Well, we talked the thing over, only to conclude that there was nothing to be done. We had no friend in the place except Maqueda, and she, it appeared, was a prisoner like ourselves, and therefore could not communicate with us. Nor could we see the slightest possibility of escape.
"Out of the frying-pan into the fire," remarked Higgs gloomily. "I wish now that they had let us die in the cave. It would have been better than being baited to death by a mob of Abati."
"Yes," answered Oliver with a sigh, for he was thinking of Maqueda, "but that's why they saved us, the vindictive beasts, to kill us for what they are pleased to call high treason."
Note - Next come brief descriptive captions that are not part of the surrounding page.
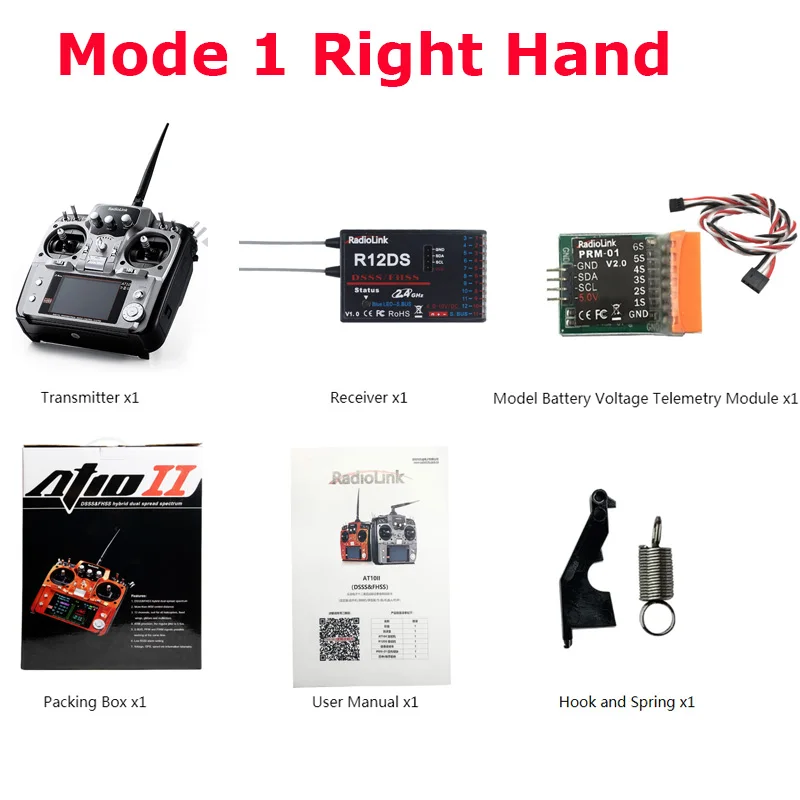 Radiolink AT10 II 12CH RC zender en R12DS ontvanger radioafstandsbediening voor RC Drone / vaste vleugel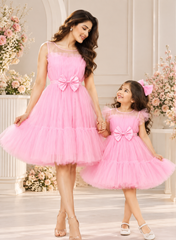 Baby Pink Ruffled Mother Daughter Combo set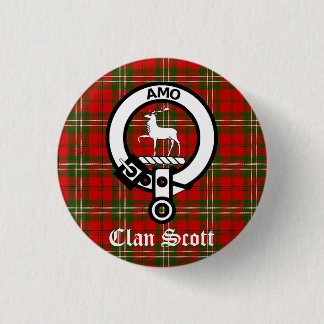 Clan Scott Crest Badge en Tartan Ronde Button 3,2 Cm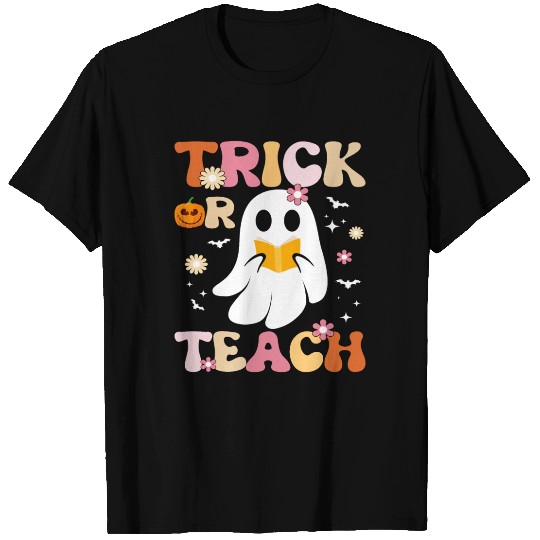 Groovy Teacher Halloween Trick or Teach Ghost Flor T Shirts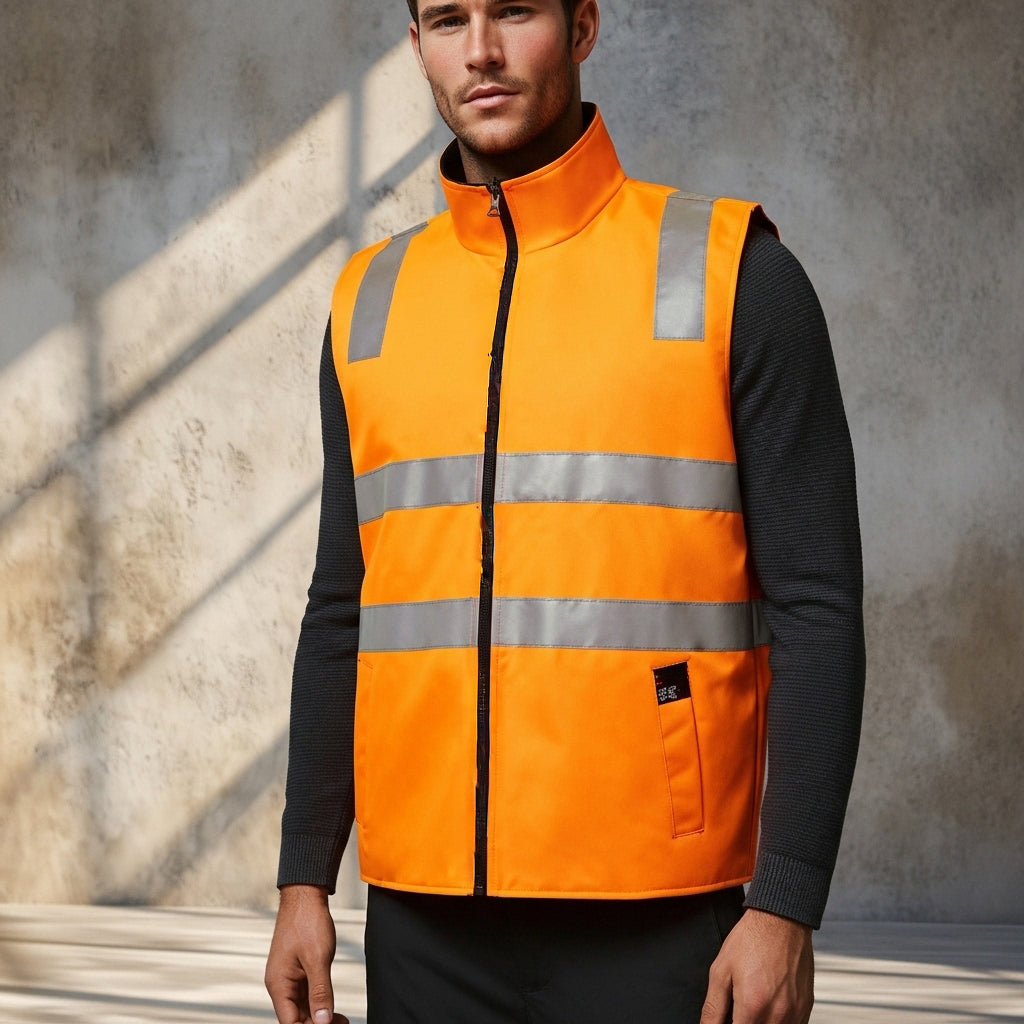 VIC Rail HiVis reversible fleece reflective vest, bright orange with embroidery access zip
"High treason!" exclaimed Higgs. "I hope to goodness their punishment for the offence is not that of medi?val England; hanging is bad enough --but the rest----!"
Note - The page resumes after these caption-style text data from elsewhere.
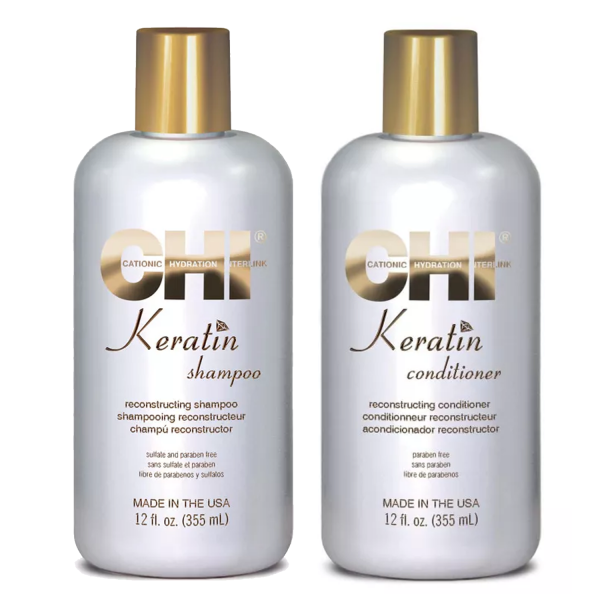 CHI Keratin, zestaw odbudowujący do włosów zniszczonych, szampon + odżywka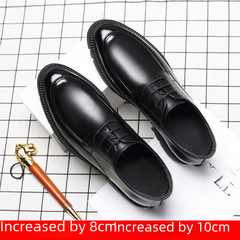 Spring and Autumn Men's Leather Shoes, Men's 8cm Hidden Heel, 10cm Thick Sole Business Formal Shoes, Casual Wedding Men's Leather Shoes, Genuine Leather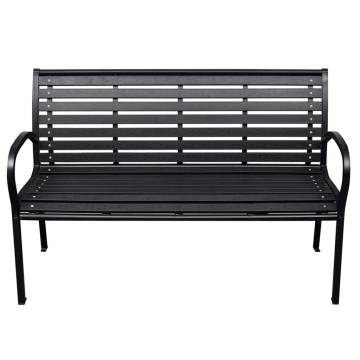 Stylish Black Garden Bench - 116 cm Steel & WPC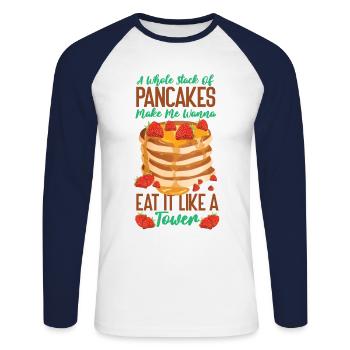 Pancake Lover Kids A Whole Stack - Unisex Baseballshirt langarm - Weiß/Navy - Vorne - Nik (191cm)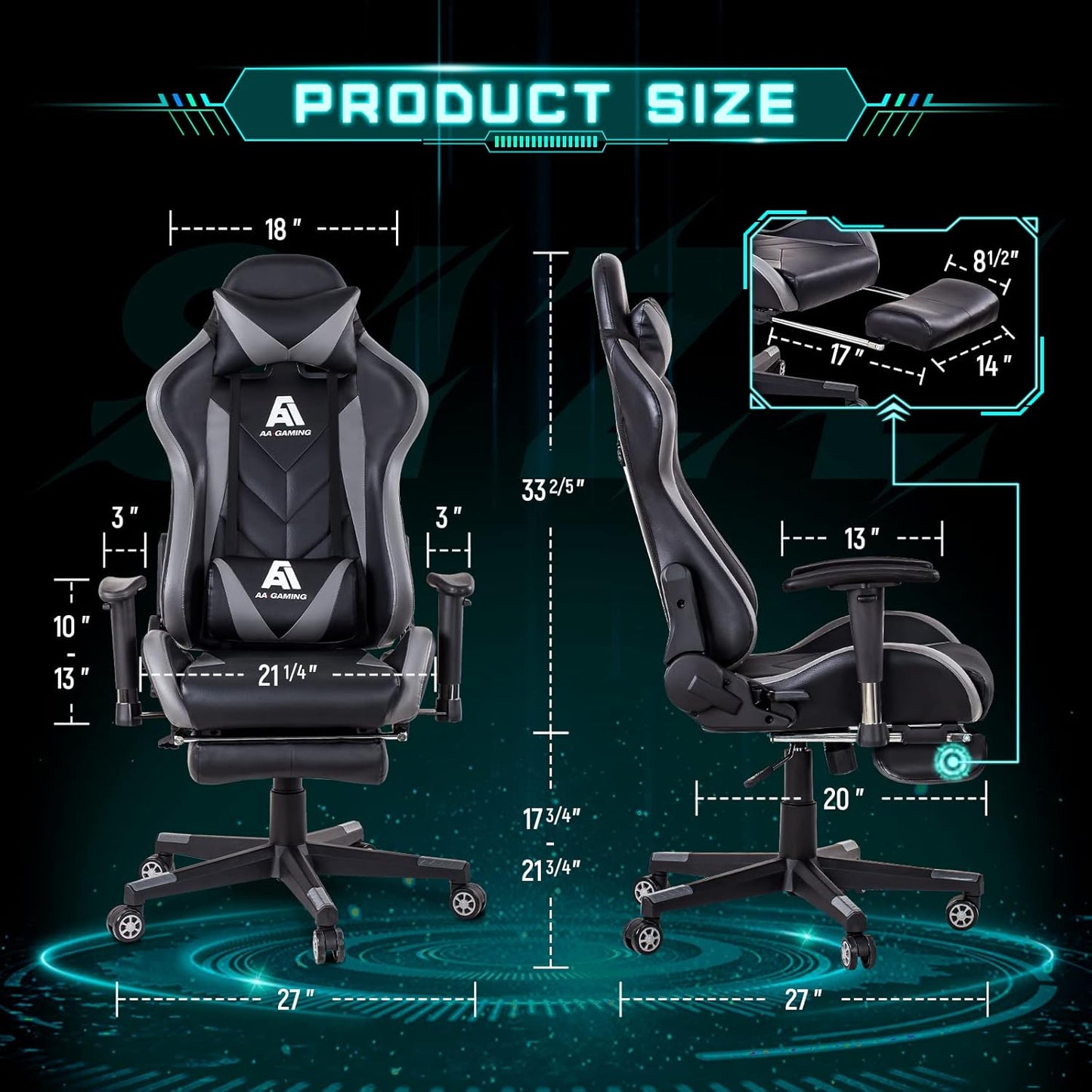 AA Products Gaming Chair High Back Ergonomic Computer Racing Chair Adjustable Office Chair with Footrest, Lumbar Support Swivel Chair - Grey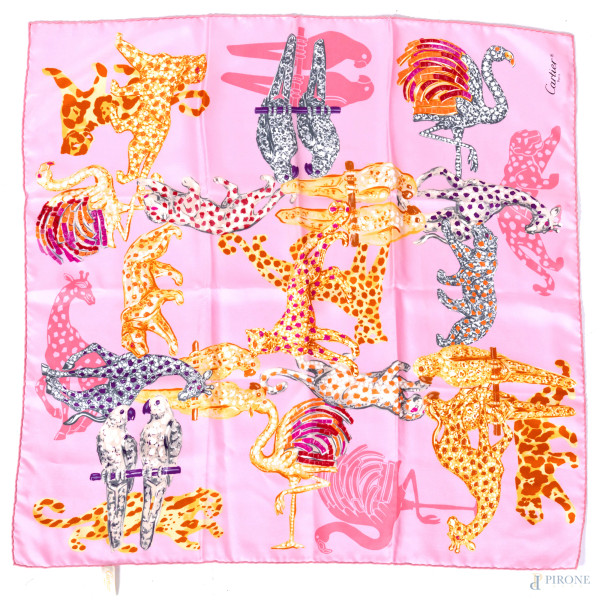 Foulard Cartier con animali esotici su fondo rosa, cm 66x66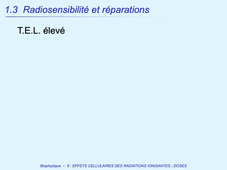 PASS / L.AS - Semestre 1 - UE 11 - Biophysique - Effets biologiques des radiations ionisantes et doses - Effets cellulaires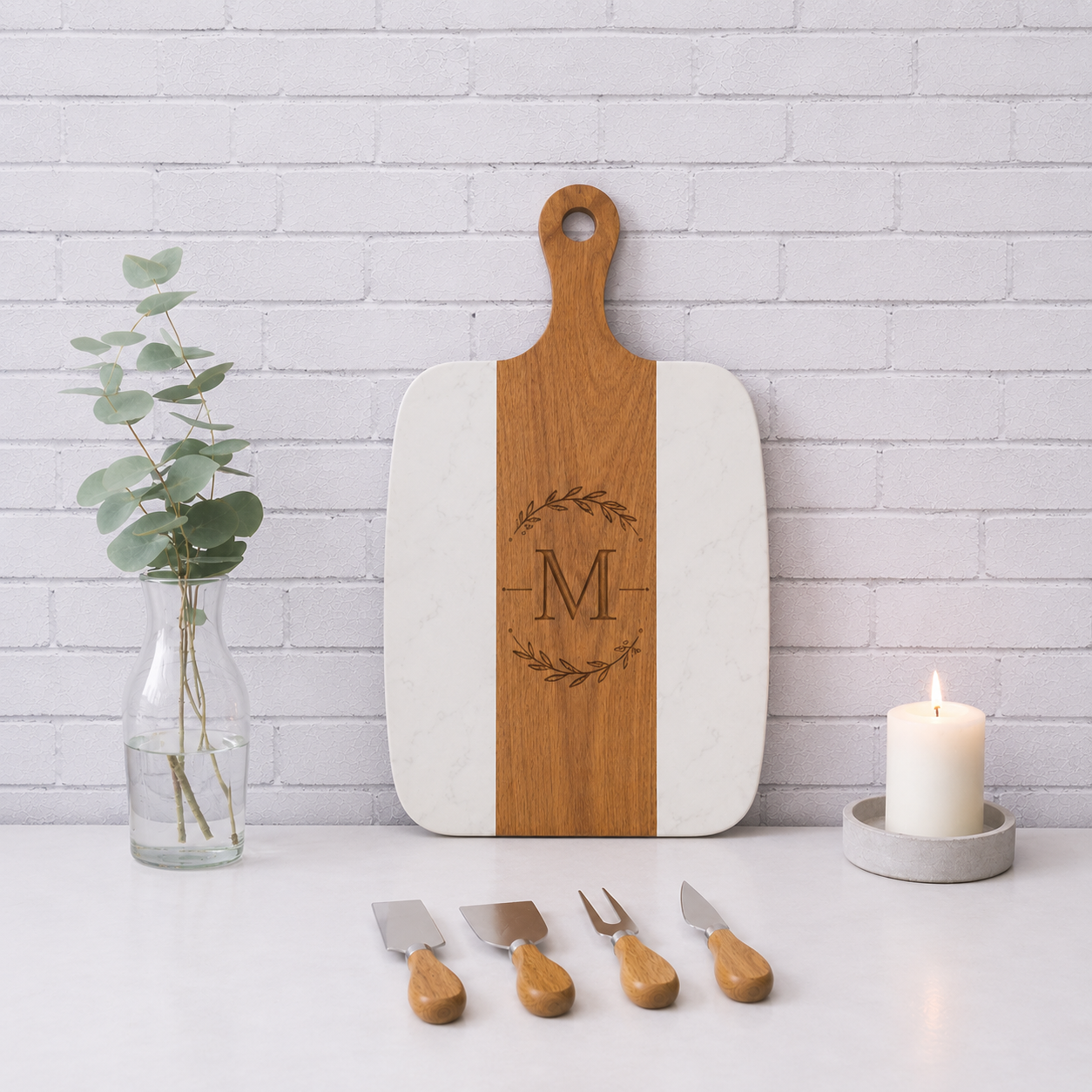 Marble & Acacia Wood Charcuterie Board| Personalized Engraved Charcuterie Board Set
"I don't think the Abati study European history," I broke in; "but it is no use disguising from you that they have methods of their own.
Look here, friends," I added, "I have kept something about me in case the worst should come to the worst," and I produced a little bottle containing a particularly swift and deadly poison done up into tabloids, and gave one to each of them. "My advice is," I added, "that if you see we are going to be exposed to torture or to any dreadful form of death, you should take one of these, as I mean to do, and cheat the Abati of their vengeance."
"That is all very fine," said the Professor as he pocketed his tabloid, "but I never could swallow a pill without water at the best of times, and I don't believe those beasts will give one any. Well, I suppose I must suck it, that's all. Oh! if only the luck would turn, if only the luck would turn!"
Three more days went by without any sign of Higgs's aspiration being fulfilled. On the contrary, except in one respect, the luck remained steadily against us. The exception was that we got plenty to eat and consequently regained our normal state of health and strength more rapidly than might have been expected. With us it was literally a case of "Let us eat and drink, for to-morrow we die."
Only somehow I don't think that any of us really believed that we should die, though whether this was because we had all, except poor Quick, survived so much, or from a sneaking faith in Maqueda's optimistic dreams, I cannot say. At any rate we ate our food with appetite, took exercise in an inner yard of the prison, and strove to grow as strong as we could, feeling that soon we might need all our powers. Oliver was the most miserable among us, not for his own sake, but because, poor fellow, he was haunted with fears as to Maqueda and her fate, although of these he said little or nothing to us. On the other hand, my son Roderick was by far the most cheerful. He had lived for so many years upon the brink of death that this familiar gulf seemed to have no terrors for him.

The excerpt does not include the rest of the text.